### What is expected
All of the data below should be printed again word for word, pictures excluded.

### Recorded data
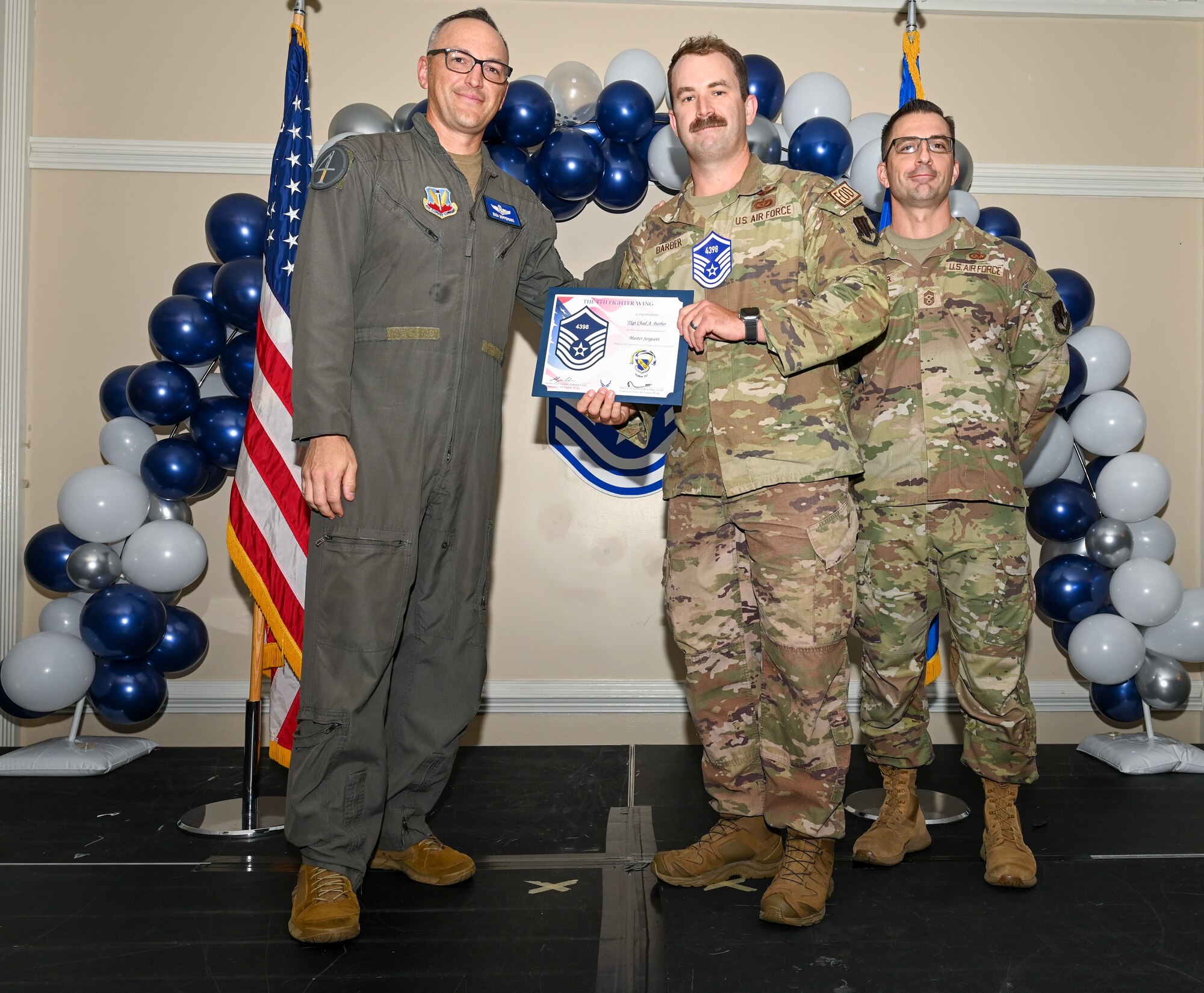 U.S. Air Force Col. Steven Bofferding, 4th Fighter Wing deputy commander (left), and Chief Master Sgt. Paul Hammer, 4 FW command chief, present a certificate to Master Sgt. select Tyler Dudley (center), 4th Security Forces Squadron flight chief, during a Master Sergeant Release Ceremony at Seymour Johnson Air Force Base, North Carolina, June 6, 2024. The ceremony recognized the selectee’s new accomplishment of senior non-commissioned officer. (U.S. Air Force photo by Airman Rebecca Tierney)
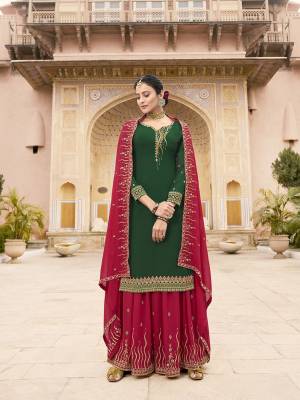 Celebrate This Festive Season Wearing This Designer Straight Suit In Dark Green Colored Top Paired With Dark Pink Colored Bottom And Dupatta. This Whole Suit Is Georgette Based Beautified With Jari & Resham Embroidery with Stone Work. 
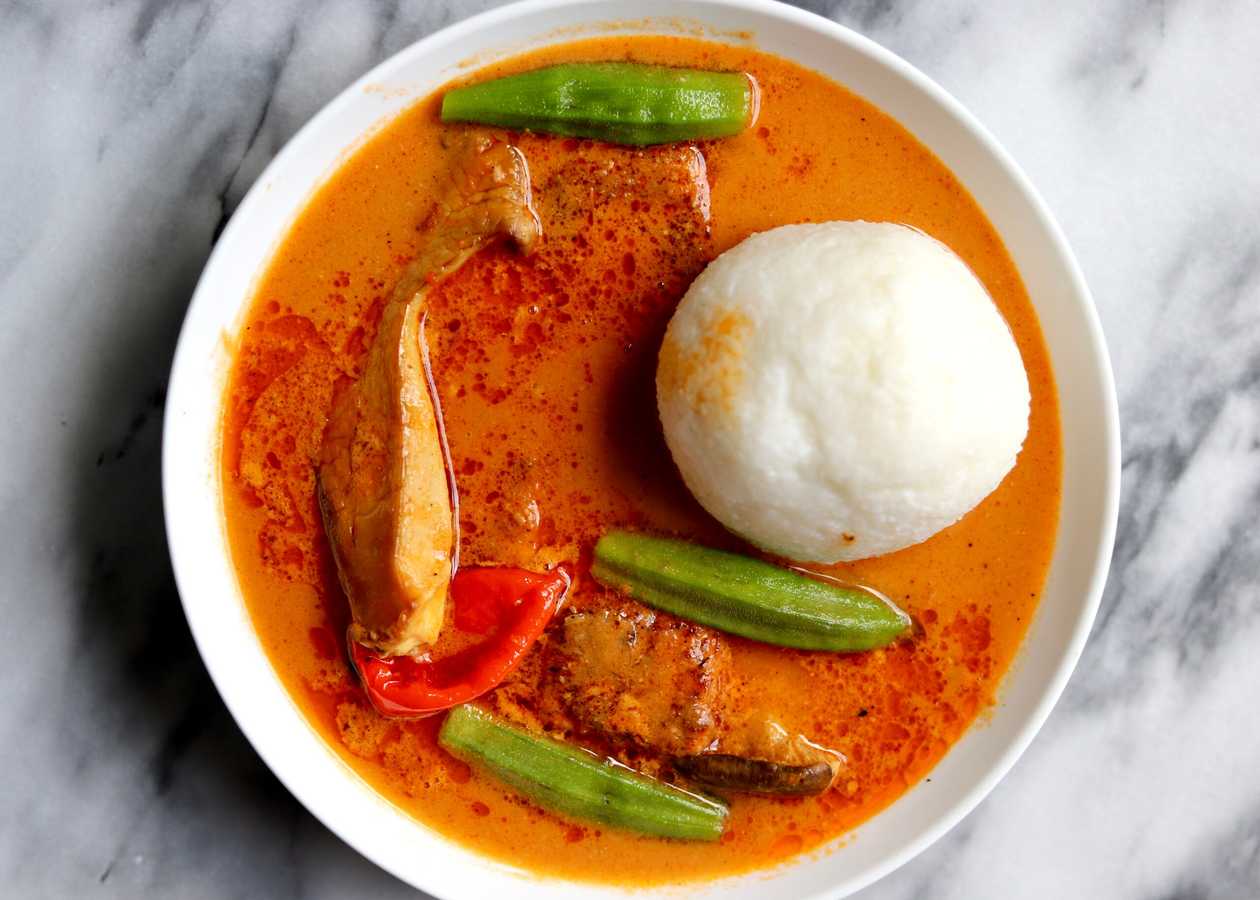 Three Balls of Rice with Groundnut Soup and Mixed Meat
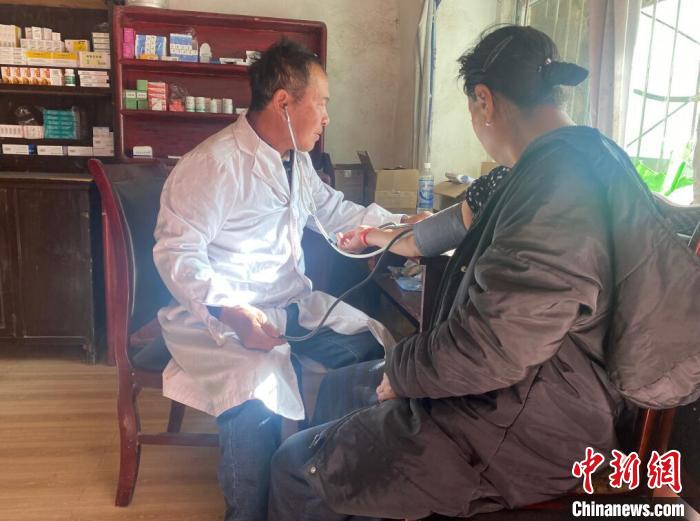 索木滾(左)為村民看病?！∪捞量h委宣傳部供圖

### Answer area
 U.S. Air Force Col. Steven Bofferding, 4th Fighter Wing deputy commander (left), and Chief Master Sgt. Paul Hammer, 4 FW command chief, present a certificate to Master Sgt. select Tyler Dudley (center), 4th Security Forces Squadron flight chief, during a Master Sergeant Release Ceremony at Seymour Johnson Air Force Base, North Carolina, June 6, 2024. The ceremony recognized the selectee’s new accomplishment of senior non-commissioned officer. (U.S. Air Force photo by Airman Rebecca Tierney)
 Celebrate This Festive Season Wearing This Designer Straight Suit In Dark Green Colored Top Paired With Dark Pink Colored Bottom And Dupatta. This Whole Suit Is Georgette Based Beautified With Jari & Resham Embroidery with Stone Work. 
 Three Balls of Rice with Groundnut Soup and Mixed Meat
 索木滾(左)為村民看病?！∪捞量h委宣傳部供圖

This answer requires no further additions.